A set of servers called domain name servers (DNS) maps the human-readable names to the IP addresses. These servers are simple databases that map names to IP addresses, and they are distributed all over the Internet. Most individual companies, ISPs and universities maintain small name servers to map host names to IP addresses. There are also central name servers that use data supplied by VeriSign to map domain names to IP addresses.

If you type the URL “http://www.howstuffworks.com/web-server.htm” into your browser, your browser extracts the name “www.howstuffworks.com,” passes it to a domain name server, and the domain name server returns the correct IP address for www.howstuffworks.com. A number of name servers may be involved to get the right IP address. For example, in the case of www.howstuffworks.com, the name server for the “com” top-level domain will know the IP address for the name server that knows host names, and a separate query to that name server, operated by the HowStuffWorks ISP, may deliver the actual IP address for the HowStuffWorks server machine.

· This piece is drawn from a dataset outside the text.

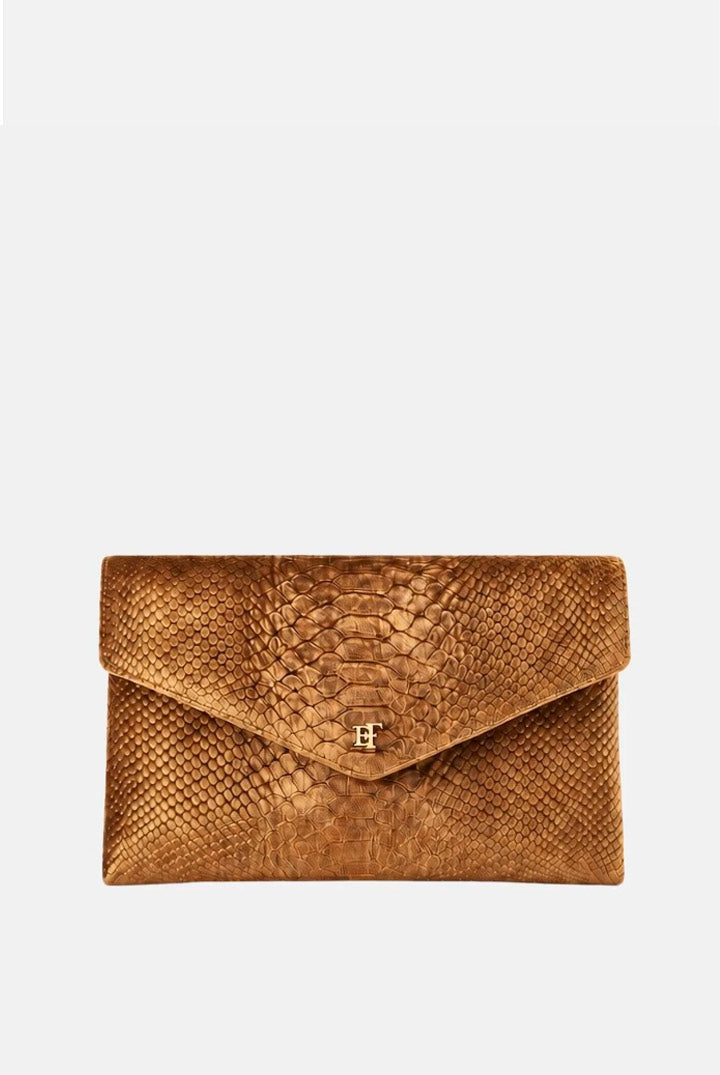 Elisabetta Franchi Borsa a Tracolla In Velluto con Stampa Cocco BS27A67E2 AMBRA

On a UNIX machine, you can access the same service using the nslookup command. Simply type a name like “www.howstuffworks.com” into the command line, and the command will query the name servers and deliver the corresponding IP address to you.

So here it is: The Internet is made up of millions of machines, each with a unique IP address. Many of these machines are server machines, meaning that they provide services to other machines on the Internet. You have heard of many of these servers: e-mail servers, Web servers, FTP servers, Gopher servers and Telnet servers, to name a few. All of these are provided by server machines.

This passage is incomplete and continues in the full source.